Headline message that emerged from our engagement with the community at IODC: To realize its potential there is a need for more evidence on the full life cycle of open data – within and across settings and sectors.
Many participants acknowledged and shared progress toward gathering evidence on developments, actors and conditions that impact open data. Yet, a consensus emerged that more systematic research is still needed. An “evidence-based and user-centric open data” approach is necessary to drive adoption, implementation, and use.
In particular, three substantive areas were identified that could benefit from interdisciplinary and comparative research:
Demand and use: First, many expressed a need to become smarter about the demand and use-side of open data. Much of the focus, given the nascent nature of many initiatives around the world, has been on the supply-side of open data. Yet to be more responsive and sustainable more insight needs to be gained to the demand and/or user needs.
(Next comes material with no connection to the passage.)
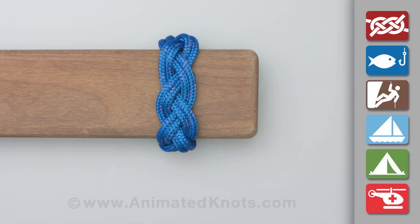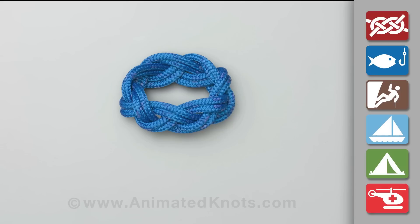Finish by tucking the ends in and, if appropriate, heat the ends to melt them and join them.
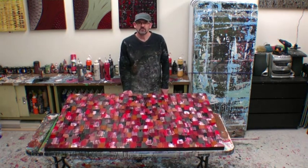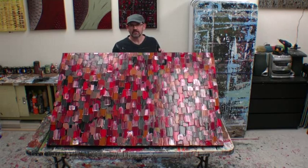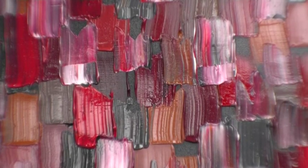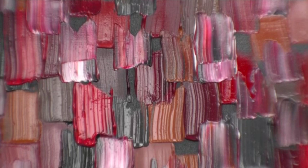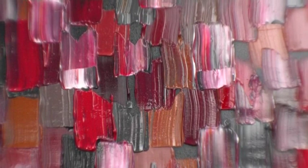Welcome back. Hope you enjoyed watching this abstract artwork come together. As you can see, all we've done is just layered the paint on top of each other, color after color, in the colors of your choice. Simple technique, but very effective. Gives a nice, bold, abstract artwork.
Conversations repeatedly emphasized that we should differentiate between open data demand and use. Open data demand and use can be analyzed from multiple directions: 1) top-down, starting from a data provider, to intermediaries, to the end users and/or audiences; or 2) bottom-up, studying the data demands articulated by individuals (for instance, through FOIA requests), and how these demands can be taken up by intermediaries and open data providers to change what is being provided as open data.
Research should scrutinize each stage (provision, intermediation, use and demand) on its own, but also examine the interactions between stages (for instance, how may open data demand inform data supply, and how does data supply influence intermediation and use?).
Several research questions were proposed including the following: What is the demand for open data – and do interest groups understand the potential value open data conveys for them? If so, how to study these interest groups? Who are the audiences of open data? What are the different types of users (and users of users)? What are their needs? What are the problems or opportunities current and potential users seek to address using open data? When do users become producers of data and vice-versa? What is the role of data intermediaries in providing and using open data? How to study and establish feedback loops between open data users, intermediaries, and providers that can help make open data more relevant to users?  Do we need professional standards for different types of users – such as, for instance, data journalists?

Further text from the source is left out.